Σ-distance is necessary but not sufficient. Two names can have small covariance distance and opposite factor exposures — substituting one for the other looks fine in tracking-error and surprises you in the next factor regime.
Per-trade replacement reason
Every replacement trade is logged with the substitution relationship: sold ticker, replaced by ticker, Σ-distance score, factor-delta score, sector match. The Run record carries the full list. A compliance review can re-derive the optimizer's choice from the snapshot — same Σ, same B, same sector membership — and verify the replacement was an objective best.
| Field | Example value |
|---|---|
| trade.harvest_sell_ticker | AAPL |
| trade.replacement_buy_ticker | MSFT |
| replacement.sector_match | GICS 45 · IT |
| replacement.sigma_distance | 0.041 |
| replacement.factor_delta_max | 0.062 |
| replacement.lock_until | 2026-06-12 |
The honest fallback
If no candidate satisfies both the Σ-distance and factor-delta thresholds, the routine returns None and the optimizer's next-day solve redistributes the freed capital across the rest of the universe within the TE budget. This produces a small amount of TE drift (typically < 5 bp per harvest) but is the right behaviour: a bad substitution is worse than no substitution.

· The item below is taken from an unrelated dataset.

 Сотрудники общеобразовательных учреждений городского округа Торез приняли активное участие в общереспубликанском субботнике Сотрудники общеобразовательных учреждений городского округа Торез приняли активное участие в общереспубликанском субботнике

Edge cases the algorithm doesn't fully resolve
- Sector concentration in small universes. On a US large-cap (100) universe with a small-cap-only ESG screen, some sectors have only 2–3 names. If both the sold ticker and its only viable substitute are in the wash-lock list, no replacement is possible — the routine falls back to no-replacement.
- Two same-sector ETFs from one sponsor. Industry consensus says different-sponsor ETFs aren't identical; same-sponsor ETFs of the same index probably are. The platform doesn't auto-resolve this — accounts subscribed to ETF-substitution explicitly maintain a sponsor-aware exclusion list.

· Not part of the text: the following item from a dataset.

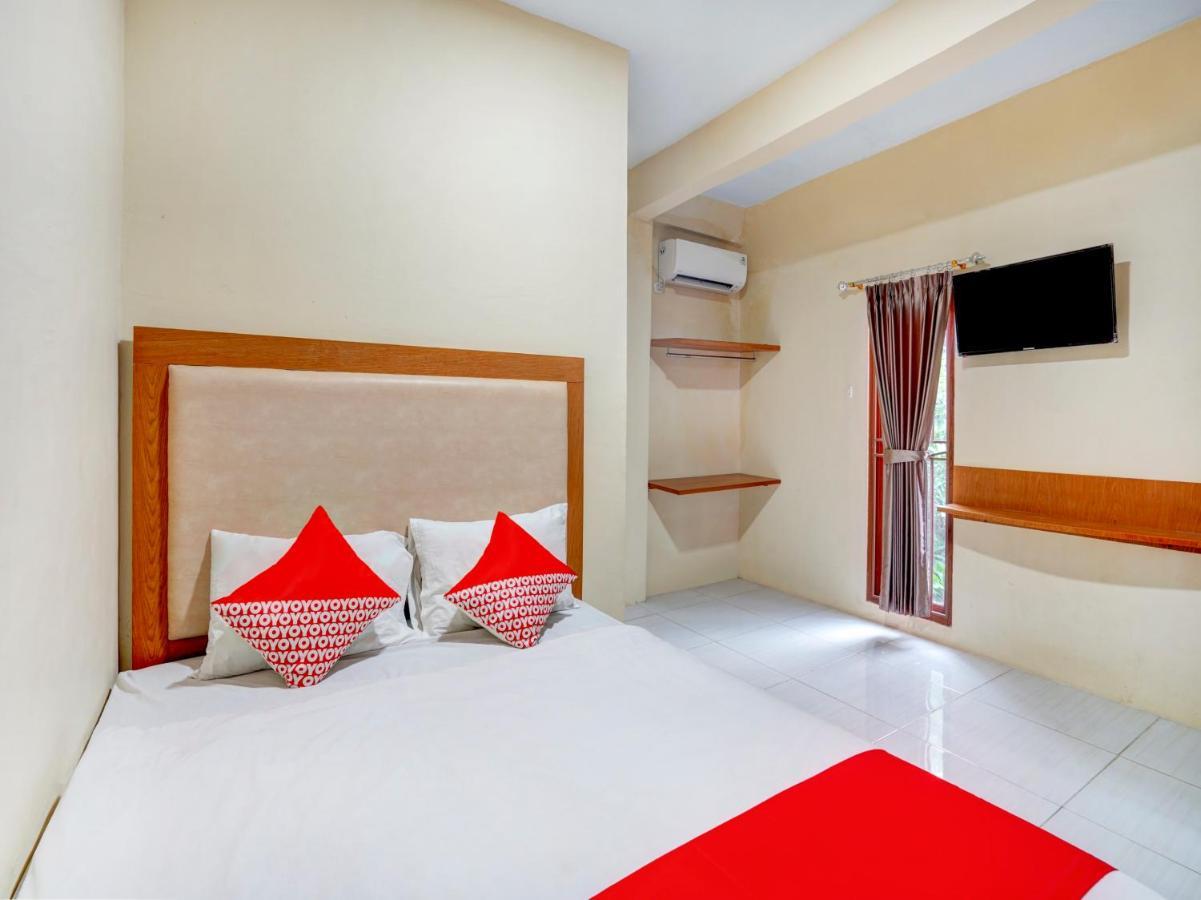 Oyo 3710 Izzi Hotel Lamongan Eksteriør bilde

- Cascading harvests. If the substitute itself drops below basis on day t+5, the optimizer wants to harvest it too. This is fine, except the next substitution must skip both names. We've capped the chain at three hops to prevent pathological loops.

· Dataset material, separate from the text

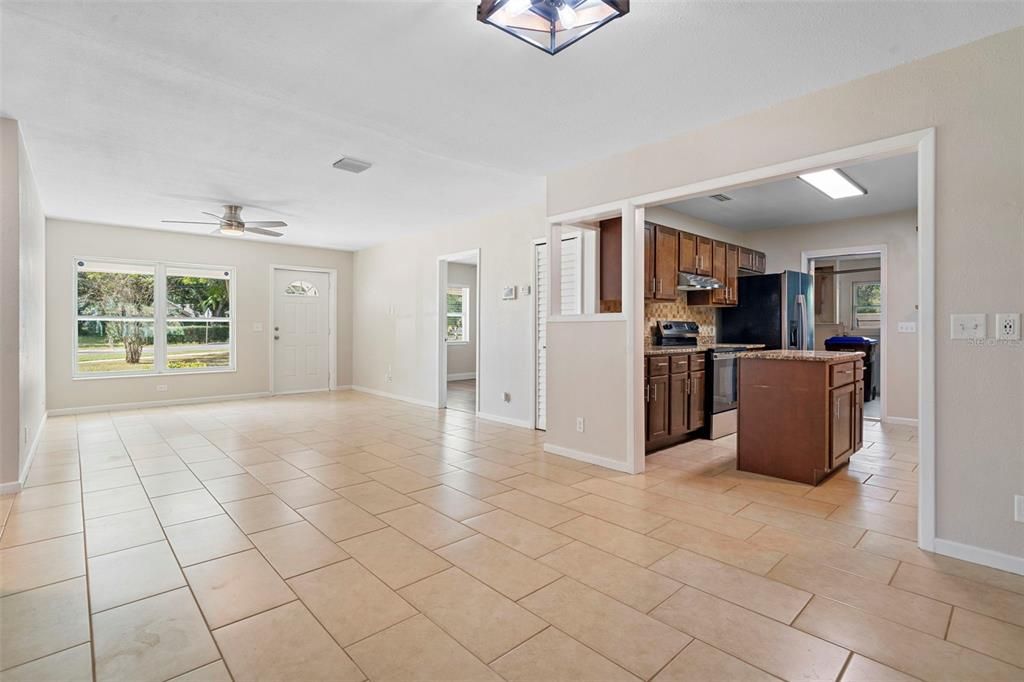 Active With Contract: $350,000 (4 beds, 2 baths, 1598 Square Feet)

For the wash-sale statute itself, see the United States jurisdiction post. For the risk-model construction that feeds Σ, see risk-model construction.
- IRC §1091 — Loss from wash sales of stock or securities. The 'substantially identical' test is a question of fact, not law; practitioners follow industry consensus in the absence of bright-line guidance.
- GICS sectors — Global Industry Classification Standard. Two-digit GICS provides 11 sectors that map cleanly onto the platform's universe.
Methodology note · the substitute is the load-bearing trade in a harvest. Don't let it spoil what you saved.